Exercise brief |
Only the lines from the beginning of the entries through the one with "You can use" should be written out, please, exactly and without any pictures.

Provided data |
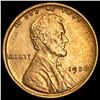 1926 Lincoln Wheat Cent UNCIRCULATED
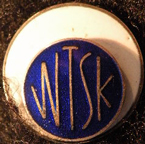UFOs-1401-1500/1438-WTSK.jpg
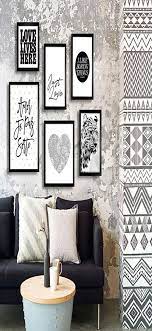 You can use a combination of home decor items and. Keyword Home Decor Ideas Art Decor Wall Decor Gold Wayfair Wall Decor Home Decor Pictures Home Decoration Tips Che Home Decor Home Decor Pictures Home Decor Uk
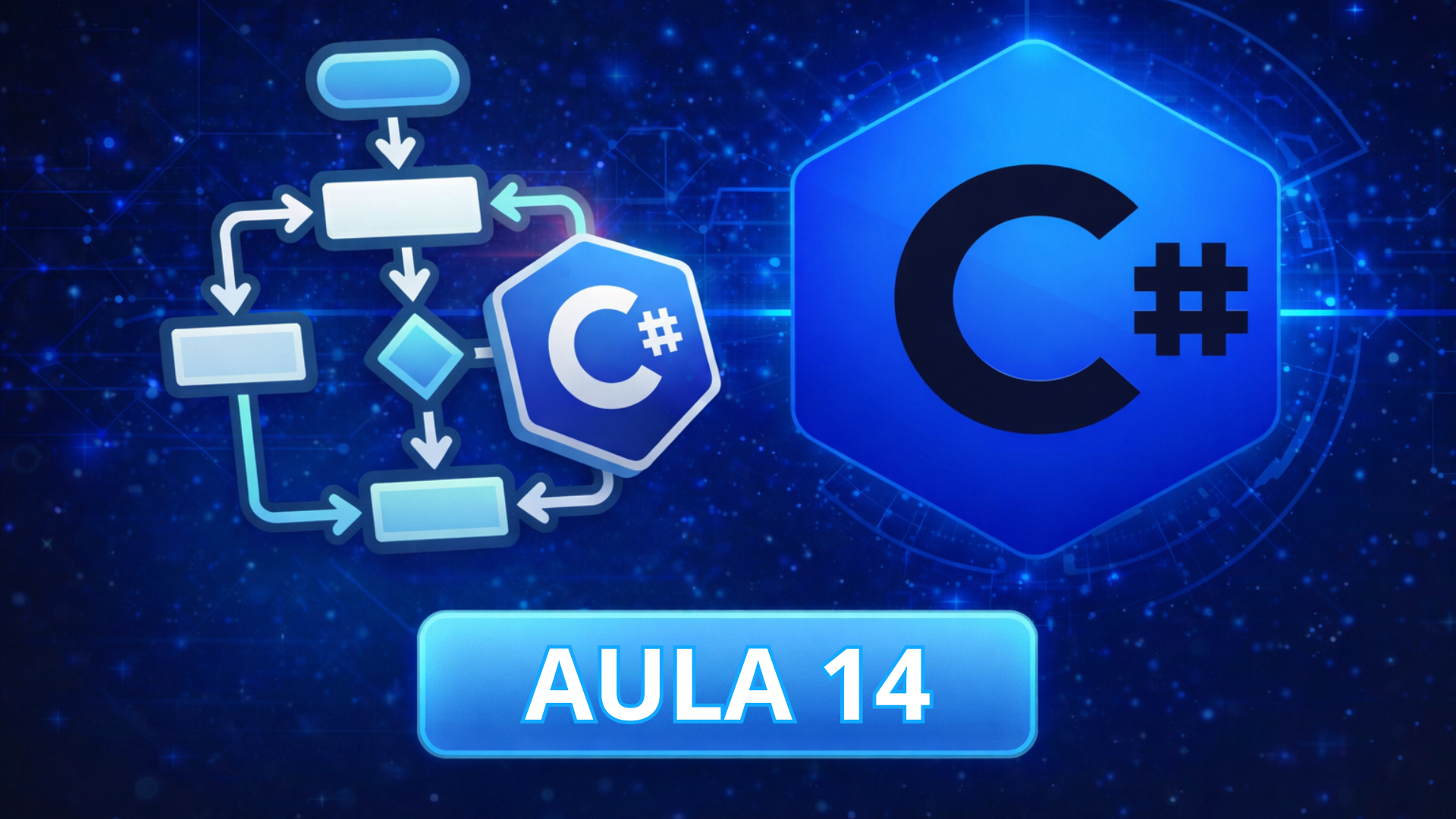 Introdução a Orientação a Objetos e funções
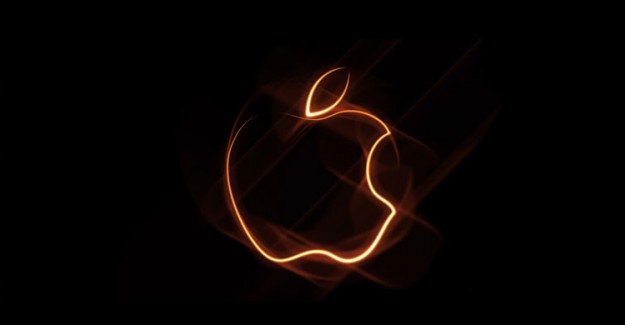 Apple App Store’da Son Bir Haftada Elde Ettiği Gelirle Rekor Kırdı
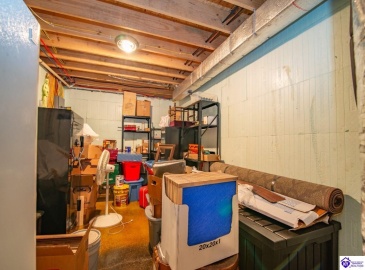 Upton Talley Road, Upton, Kentucky 42784, ,3 BathroomsBathrooms,For Sale,Upton Talley Road,HK24003457 Upton Talley Road, Upton, Kentucky 42784, ,3 BathroomsBathrooms,For Sale,Upton Talley Road,HK24003457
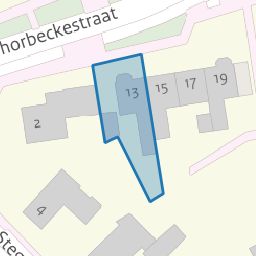 Perceel OLS00-B-3236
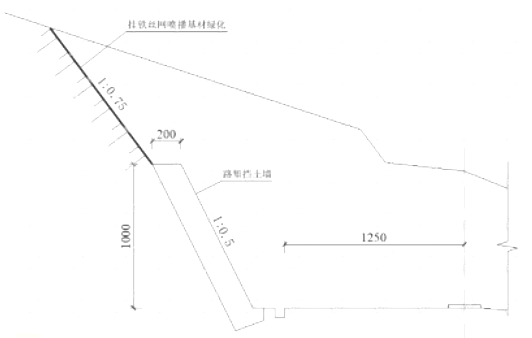 二建公路工程实务,章节练习,基础复习,真题章节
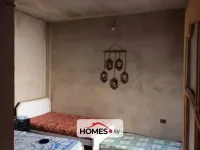 للبيع 3 غرف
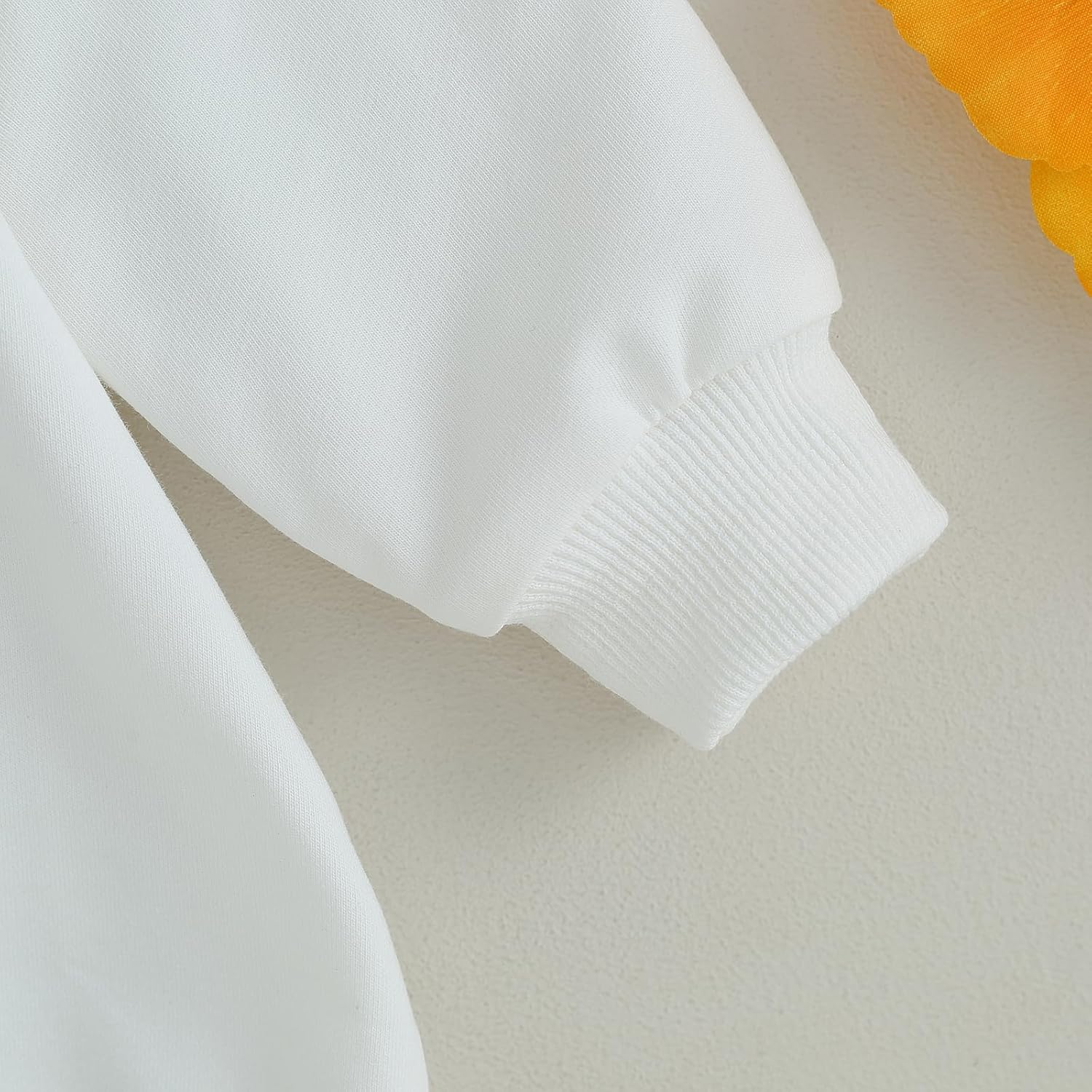 First Valentines Day Baby Outfit Girl Boy Hoodie Romper Newborn Love Long Sleeve Hoody Bodysuit Spring Clothes - Image 6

Response for this exercise |
 1926 Lincoln Wheat Cent UNCIRCULATED
UFOs-1401-1500/1438-WTSK.jpg
 You can use a combination of home decor items and. Keyword Home Decor Ideas Art Decor Wall Decor Gold Wayfair Wall Decor Home Decor Pictures Home Decoration Tips Che Home Decor Home Decor Pictures Home Decor Uk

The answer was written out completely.